(Beginning of EXERCISE DATA)

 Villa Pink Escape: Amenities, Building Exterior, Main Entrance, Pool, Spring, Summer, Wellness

(End of EXERCISE DATA)
(Beginning of EXERCISE DATA)

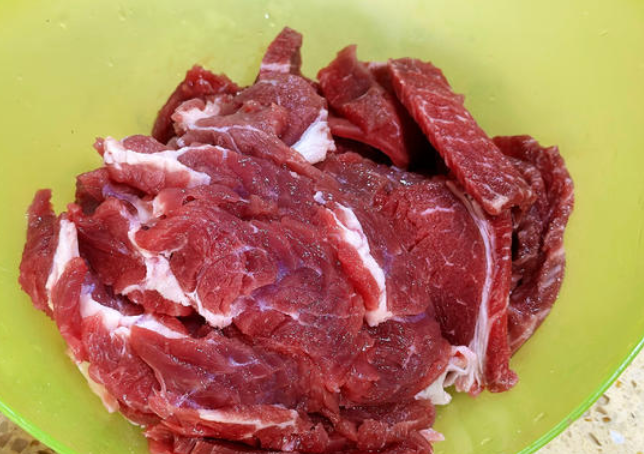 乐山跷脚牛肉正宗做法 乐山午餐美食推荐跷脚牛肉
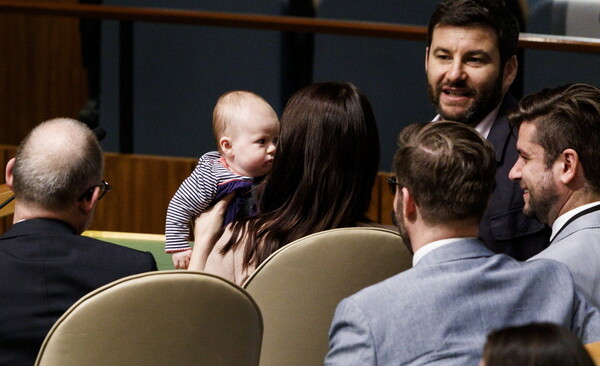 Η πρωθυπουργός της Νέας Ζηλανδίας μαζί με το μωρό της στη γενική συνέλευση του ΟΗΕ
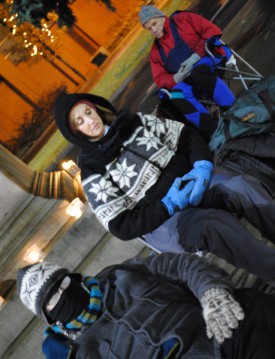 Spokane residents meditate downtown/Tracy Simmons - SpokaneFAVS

(End of EXERCISE DATA)

__TASK OBJECTIVE__:
Starting at the line containing "Η πρωθυπουργός της" and finishing at the line containing "Spokane residents meditate", return those lines exactly as they appear above, without the pictures.

__ANSWER BOX__:
 Η πρωθυπουργός της Νέας Ζηλανδίας μαζί με το μωρό της στη γενική συνέλευση του ΟΗΕ
 Spokane residents meditate downtown/Tracy Simmons - SpokaneFAVS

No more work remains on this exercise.